=== Section Start ===
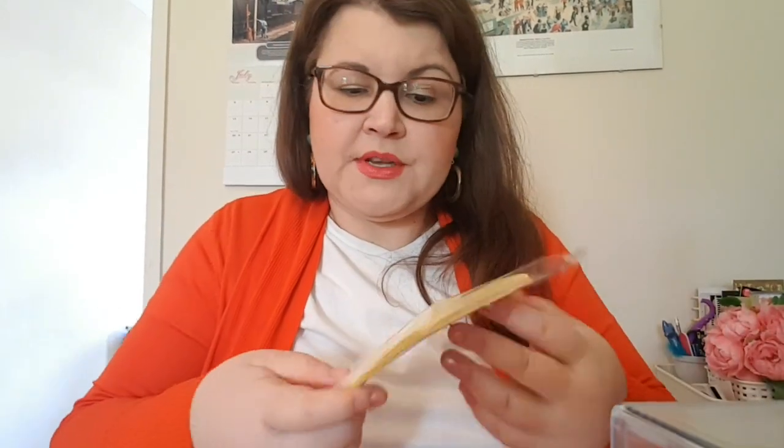I also use labels quite a lot, especially when I want to cover little things up. I have small and large labels — they're essential, and you can also use them to create your own stickers. Because I use the Happy Planner, I also got the Happy Planner sticker punch. You just put the paper in, press it — it clicks — and the sticker comes out. I'm really happy with this purchase because it's the size of my planner boxes.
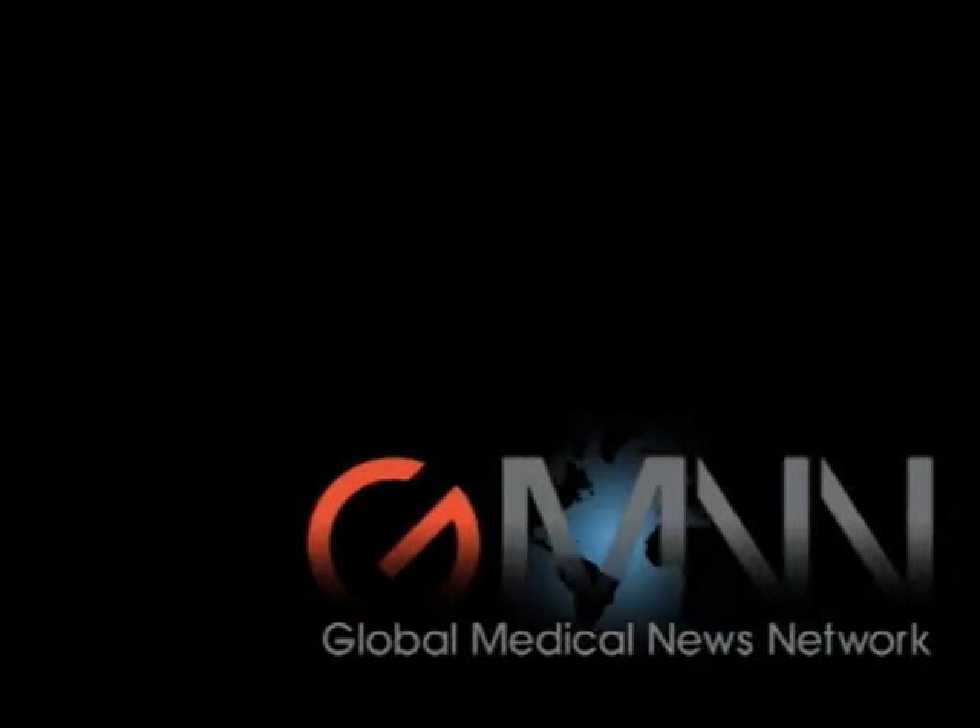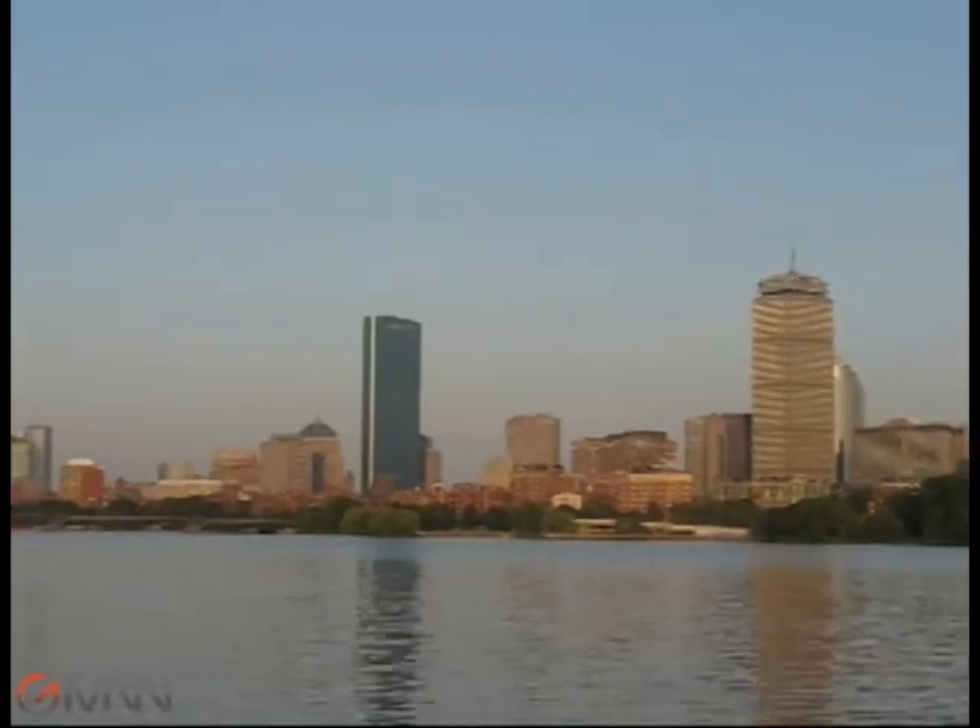This is Carrie Wachter reporting for Global Medical News from the American Academy of Dermatology's Annual Summer Academy in Boston. Joining me is Dr. Stuart Goldsmith, a practicing dermatologist in Albany, Georgia.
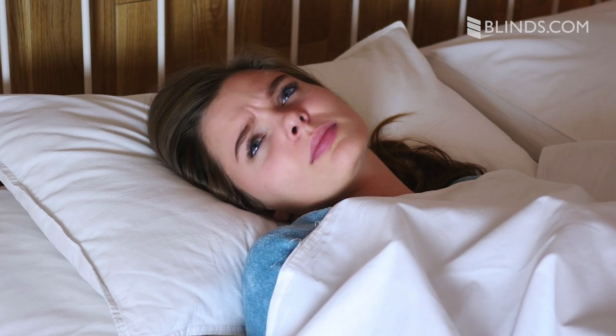Choosing the right window coverings for your bedroom can directly impact your sleep quality. We'll help you create the perfect space to relax and unwind. I'm Sarah with Blinds.com and I'm here to show you the best window treatments for bedrooms.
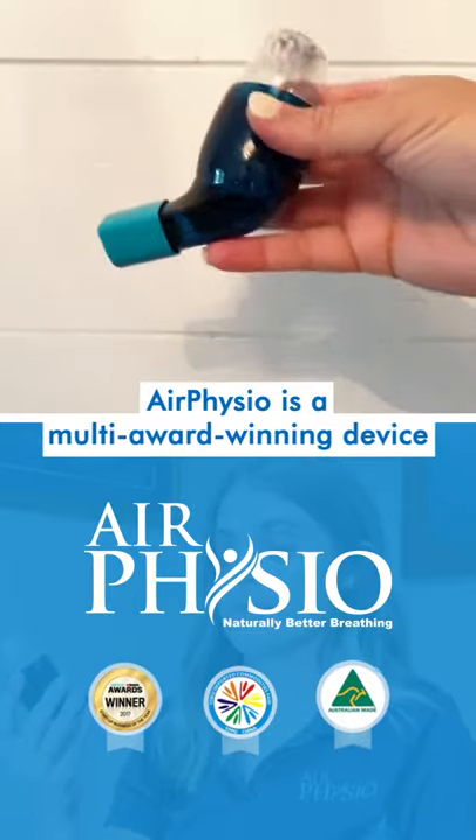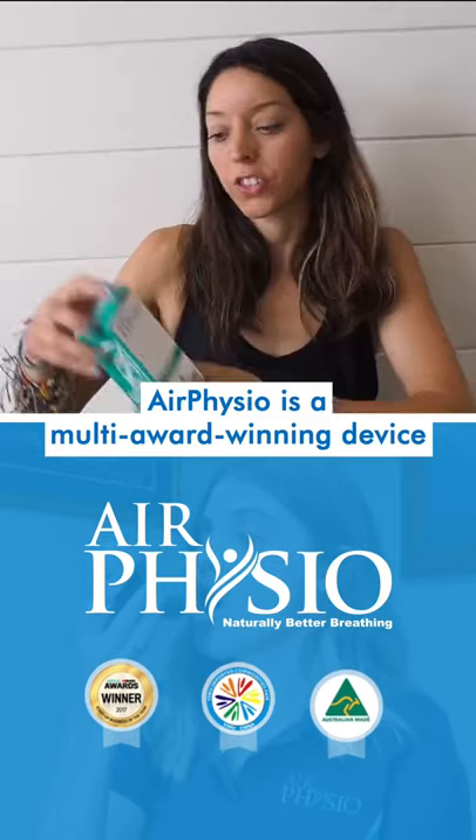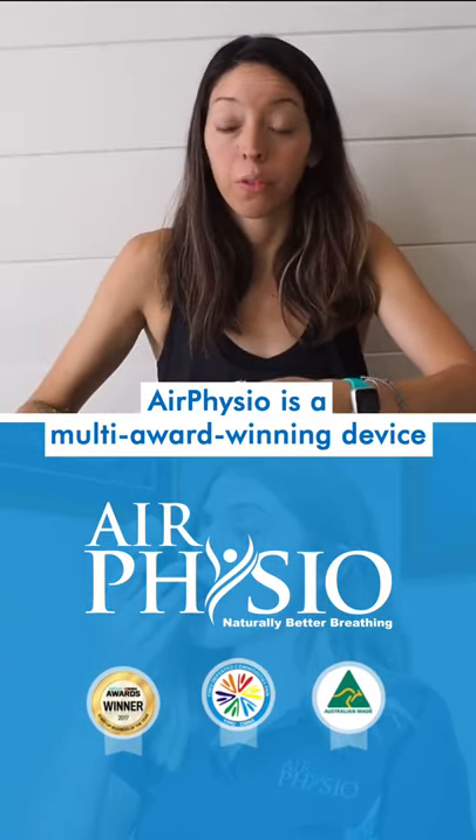If you have COPD, bronchitis, asthma, or anything that makes it hard to breathe, this product is for you. This is Air Physio — a device that looks a lot like an inhaler and helps to clear mucus naturally using vibration and positive pressure.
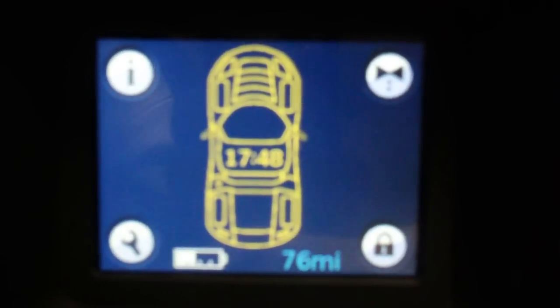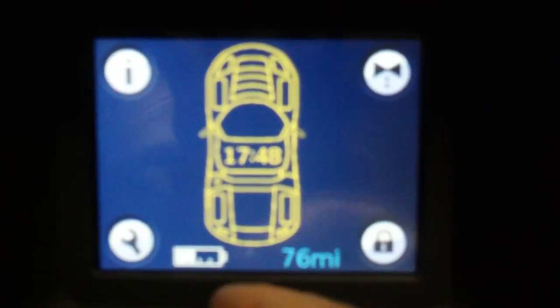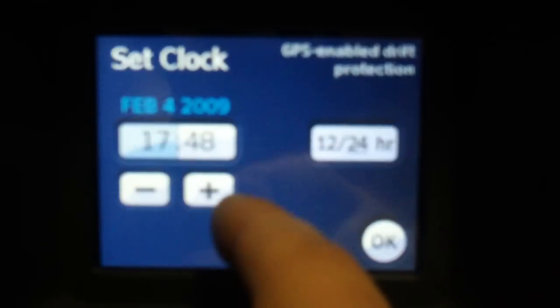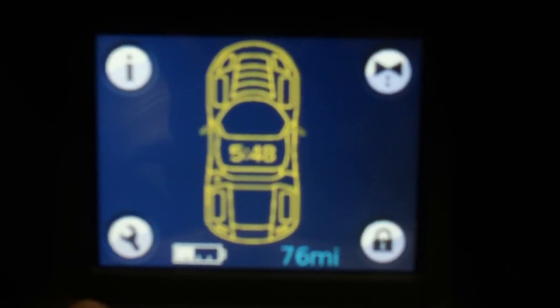Wow, there's way more to this car that I haven't even looked at yet. It's still giving me 24-hour mode though. There we go — that's cool.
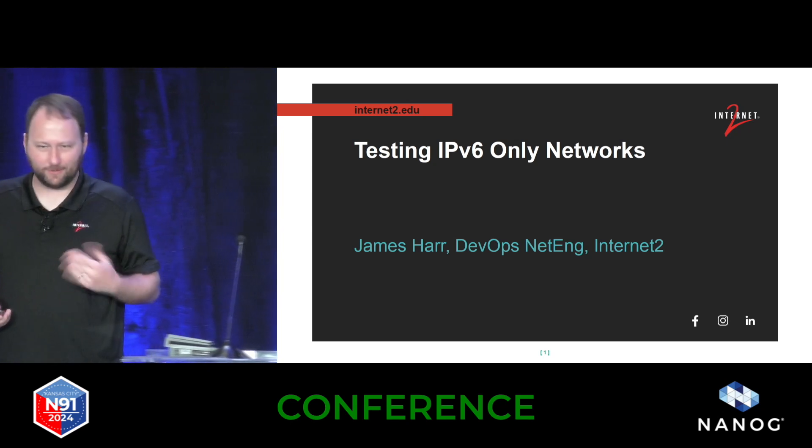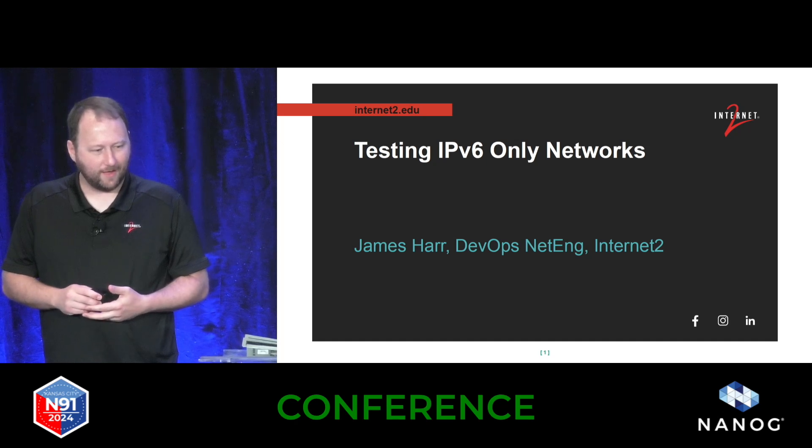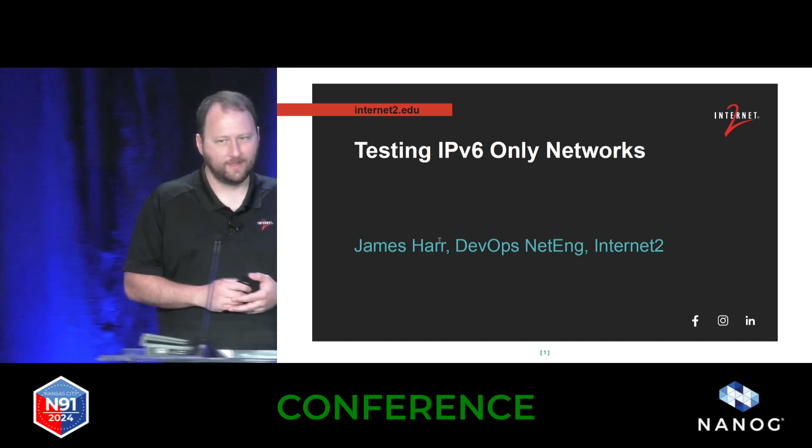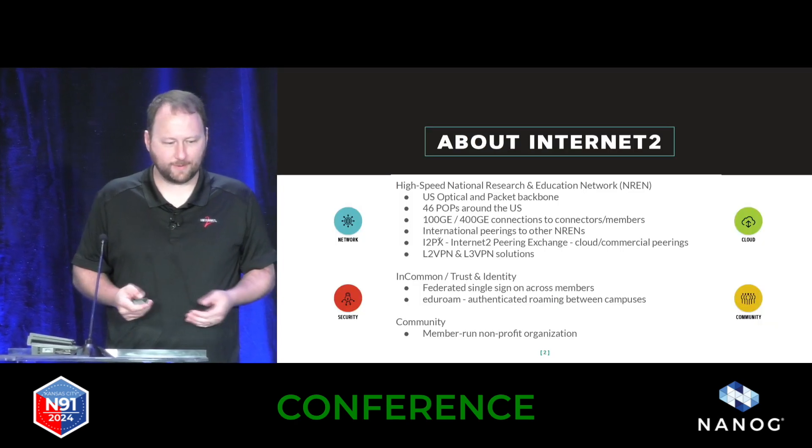Just a quick little bit about Internet2. Internet2 is a national research and education network that serves the higher ed community. We are led by our community members.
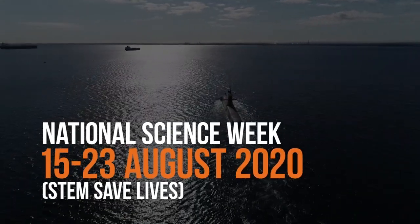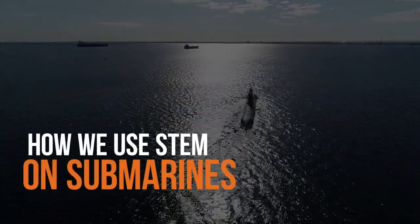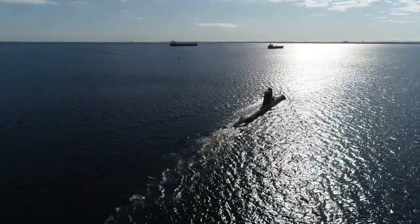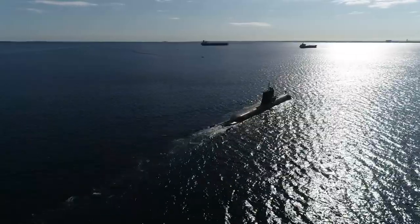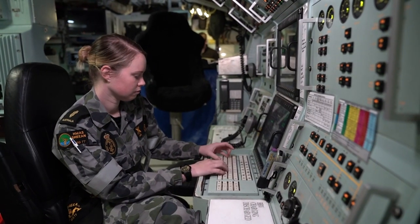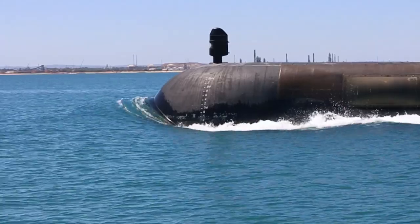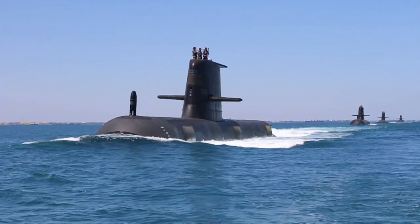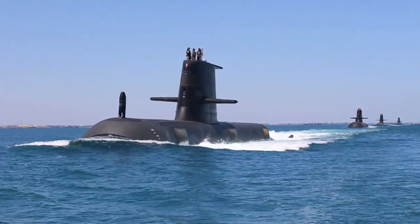As a maritime warfare officer, I'm lucky enough to interface with all of the different departments on a day-to-day basis — from the science that goes into our communication systems, the technology in our SONAR suite, the engineering behind the propulsion system, and the maths we use to take that SONAR data and turn it into useful information. We use it all on a day-to-day basis.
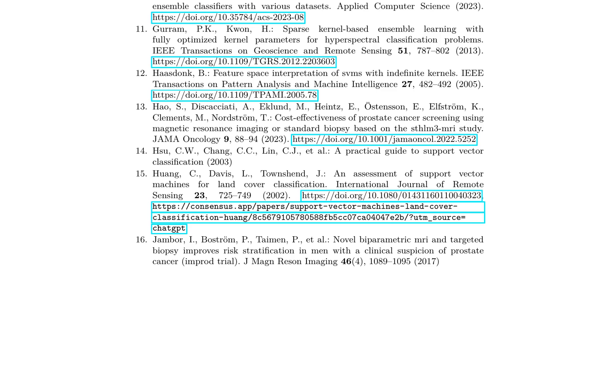Feature selection is crucial in SVM models to identify the most relevant MRI features that contribute to accurate classification. Techniques mentioned include sparse kernel-based ensemble learning and minimum redundancy maximum relevance feature selection. The authors also highlight the role of cost-effectiveness analysis: using MRI scans with SVM models could be cost-effective compared to standard biopsy methods, reducing unnecessary biopsies and improving patient outcomes. The paper touches upon limitations and future directions, emphasizing the need for larger datasets, further validation studies, and exploring deep learning models to enhance the predictive power of MRI-based diagnostics.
=== Section End ===
What the task requires: The answer should contain only the lines from the start of the records above through the line with "Just a quick", copied exactly, and no pictures.

Reply:
I also use labels quite a lot, especially when I want to cover little things up. I have small and large labels — they're essential, and you can also use them to create your own stickers. Because I use the Happy Planner, I also got the Happy Planner sticker punch. You just put the paper in, press it — it clicks — and the sticker comes out. I'm really happy with this purchase because it's the size of my planner boxes.
This is Carrie Wachter reporting for Global Medical News from the American Academy of Dermatology's Annual Summer Academy in Boston. Joining me is Dr. Stuart Goldsmith, a practicing dermatologist in Albany, Georgia.
Choosing the right window coverings for your bedroom can directly impact your sleep quality. We'll help you create the perfect space to relax and unwind. I'm Sarah with Blinds.com and I'm here to show you the best window treatments for bedrooms.
If you have COPD, bronchitis, asthma, or anything that makes it hard to breathe, this product is for you. This is Air Physio — a device that looks a lot like an inhaler and helps to clear mucus naturally using vibration and positive pressure.
Wow, there's way more to this car that I haven't even looked at yet. It's still giving me 24-hour mode though. There we go — that's cool.
Just a quick little bit about Internet2. Internet2 is a national research and education network that serves the higher ed community. We are led by our community members.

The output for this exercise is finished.